He wasn't on the shore. He—but that's what Swatty is like. He was in a skiff, rowing as hard as he could toward the ice!
Bony and me had run across the First Slough without thinking of anything but hurrying up, but Swatty, when he came to the Slough, thought, “Well, if anybody has a boat around here they would haul it into the Slough where the river ice wouldn't sweep it away or crush it.” So he just took a look, and there was a skiff. It was hauled up under a tree and padlocked to the tree. It looked as if it was there for good and all, but when Swatty looked at the boat the chain was just stapled into the boat and all he did was pry out the staple with a piece of driftwood. There were no oarlocks, but you can make a thole pin with a piece of wood, and that was what Swatty did. He made thole pins with pieces of driftwood and he pried the skiff down to the ice and slid it to the river, and then he jumped in and began rowing with two pieces of driftwood for oars.

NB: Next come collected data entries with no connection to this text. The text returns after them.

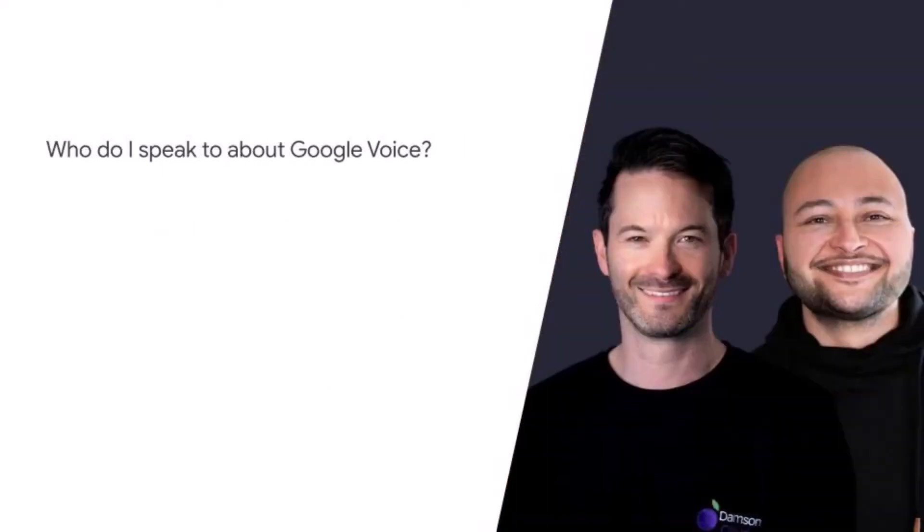Who do I speak to about Google Voice? If you're as excited about Google Voice as we are, get in touch with our team today to talk about the different packages available and the possibilities available for you on Google Voice. Thank you.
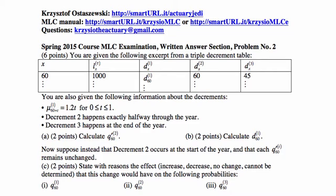For the next part, we suppose that decrement 2 occurs at the start of the year, and that each probability of dying due to decrement i in the associated single decrement table remains unchanged. We state with reasons the effect — increase, decrease, no change, or cannot be determined — that this change would have on the observed probabilities of departure due to decrements 1, 2, and 3.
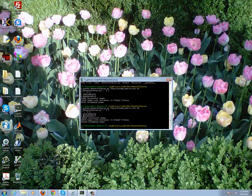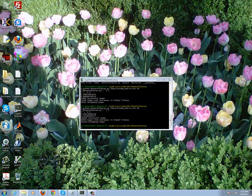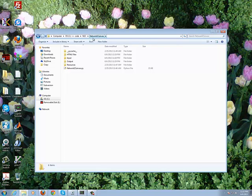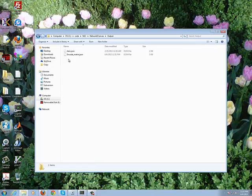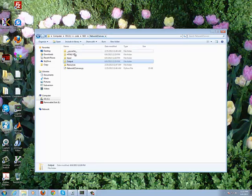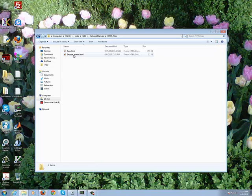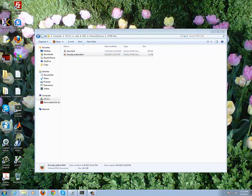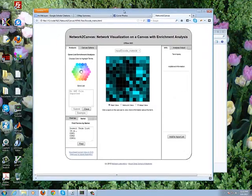Okay, so now if we use the browser we can just go directly to the folder where our output is. So we're going into the network-to-canvas folder. And this is where our output is. So this output is in JSON format and this is the encode_matrix. That JSON format tells network-to-canvas how to read the canvas. And then if we go to the HTML file, we have the full executed website.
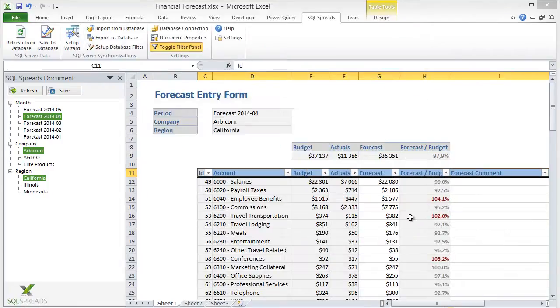When you download this demo, you will get both this Excel spreadsheet and also the complete database used in this demo so you can try out the demo yourself.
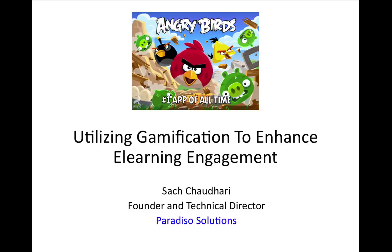This is the original talk I gave at the Learning Solutions Conference in Orlando, and I'm using a lot of the same material here.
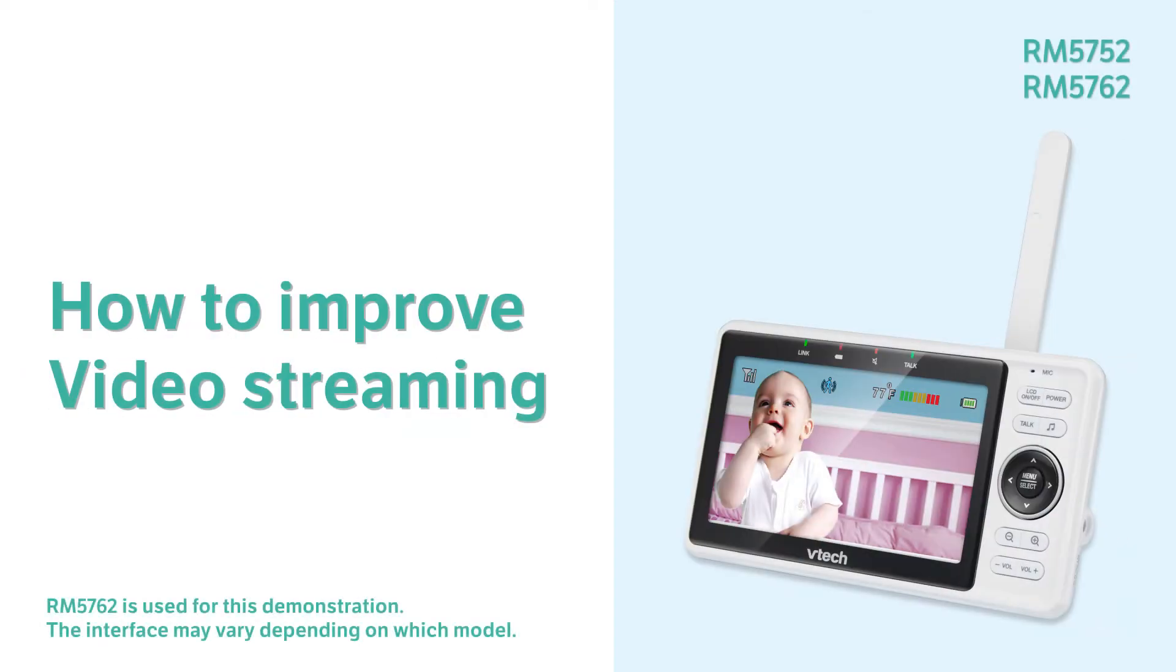Are you having trouble with video streaming or connecting your baby unit to the parent unit when connected to Wi-Fi? Here are a few recommendations to help improve the performance of your video monitor.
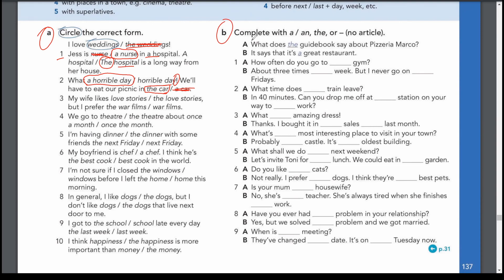Now exercise B, completing gaps with 'a,' 'an,' 'the,' or no article: 'How often do you go to the gym?' — we use 'the' because the gym is a familiar place in town. 'About three times a week' — expression of frequency. 'But I never go on Friday' — no article before days. 'What time does the train leave?' — specific train. 'In 40 minutes. Can you drop me off at the station on your way to work?' — 'the station' is a known place, and 'work' takes no article. Thanks for your time, see you in the next videos!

I shouted to Bony and he stopped, and we turned back and ran. Swatty was n't trying to keep up with the ice, he was trying to get to it any way he could, and he was having a pretty hard time of it. First one thole pin broke and then the other and he had to paddle. I thought he'd never reach the ice.
Even Bony stopped crying.
Well, Swatty got to the ice, but he couldn't land on it. He just sort of hugged it with the boat, and Bony and me had to run again to keep even with him. Then Bony's father came to the edge of the ice and tried it carefully with his foot, but it was firm because all the weak ice had been scraped off at the bend. So all he did was to get into the boat. It was easy. Then he took one of the pieces of driftwood and helped Swatty paddle.
So then everything was all right and Bony's father wasn't drowned or hadn't shot himself or anything, so Bony began to cry again.
It took us a long time to get the boat back where it belonged and a longer time to walk back to opposite the town. It was dark when we got there and the ice was still going by, and we knew it might be a week before we could get across the river again; but all at once we heard a rifle or a shotgun across the river, and then Bony's father fired his, and that let them know he was all right. So then we all worked and built a big driftwood fire and when it was burning we walked in front of it—one, two, three, four, and then back again: one, two, three, four. We hoped they could see there were four of us and that we were all right.